Following this default, MCB, Hestia and Sujana entered into an amendment and restatement agreement, which amended, replaced and restated the Agreement, effectively restructuring and rescheduling Hestia’s debts. The replacement facility agreement was stated to be governed by English law and included a one-sided jurisdiction clause in favour of MCB. Hestia defaulted on the repayment of the rescheduled loan payments, with US$15,000,000 (plus interest) outstanding.
The defendants argued:
- that the jurisdiction clause remained subject to Mauritian law because the governing law of a contract could not be amended by simply choosing to amend it in an agreement—it must be terminated and a new agreement entered into;
- that, as a result of this, the clause was invalid because Mauritian law would follow French law and the Rothschild decision would apply; and
- even if Mauritian law did not apply, the clause was invalid under English law because it permitted MCB to bring proceedings against Hestia anywhere in the world (whilst Hestia could only bring proceedings against MCB in England) and this would be contrary to public policy, in that it was contrary to the principle of “equal access to justice” (as enshrined in Article 6 of the European Convention on Human Rights).
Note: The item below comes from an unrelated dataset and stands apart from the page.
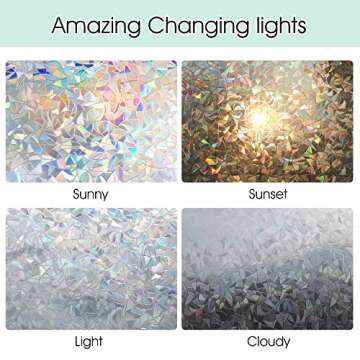 STATINT Stained Glass Window Privacy Film,UV Blocking Window Clings,Rainbow Static Cling Non-Adhesive Window Vinyl Stickers for Home Door,17.3 Inch X 6.5 Feet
Responding to each point in turn, Popplewell J held:
- the parties had replaced the Agreement, rather than merely amending it;
- even if the Agreement had not been replaced, the parties were free to agree to amend the jurisdiction clause:
“If commercial parties freely agree to change their governing law, the court should strive to give effect to their bargain unless there are overwhelming policy objections. None apply in this context.”;
- that Mauritian law was, therefore, irrelevant. Even if Mauritian law were relevant, the expert evidence presented to the court was that the Rothschild decision is (i) controversial, (ii) subject to criticism domestically and in the context of Article 23 of the Regulation and (iii) inconsistent with previous decisions of the Court de Cassation. At best (following the defendants’ expert witness) there was a 50/50 chance that Rothschild would be followed whilst at worst (following MCB’s expert witness) there was no compelling reason why the courts would follow Rothschild. In the circumstances, Popplewell J found that there was a “good arguable case” that Rothschild would not be followed;
- that the construction of a one-sided jurisdiction clause as permitting MCB to bring proceedings against Hestia in any jurisdiction in the world is incorrect – the clause:
"preserves MCB’s right to sue in any court which would regard itself as of competent jurisdiction, notwithstanding what would otherwise have been the effect of [the exclusive jurisdiction part of the one-sided jurisdiction clause], which, if it had stood alone, would have required MCB to sue in England.”; and
- that Article 6 of the European Convention on Civil Rights is inapplicable as it is directed at access to justice within a forum, rather than a choice of the forum.
This decision confirms that English courts will be unlikely to follow Rothschild. It also highlights the controversial nature of Rothschild in France and the jurisdictions whose laws are influenced by decisions of the French courts. As there are now two recent cases of Member States which appear to contradict each other, and the interpretation of EU law should be uniform across all Member States, a European Court of Justice may still be required to clear up any remaining uncertainty.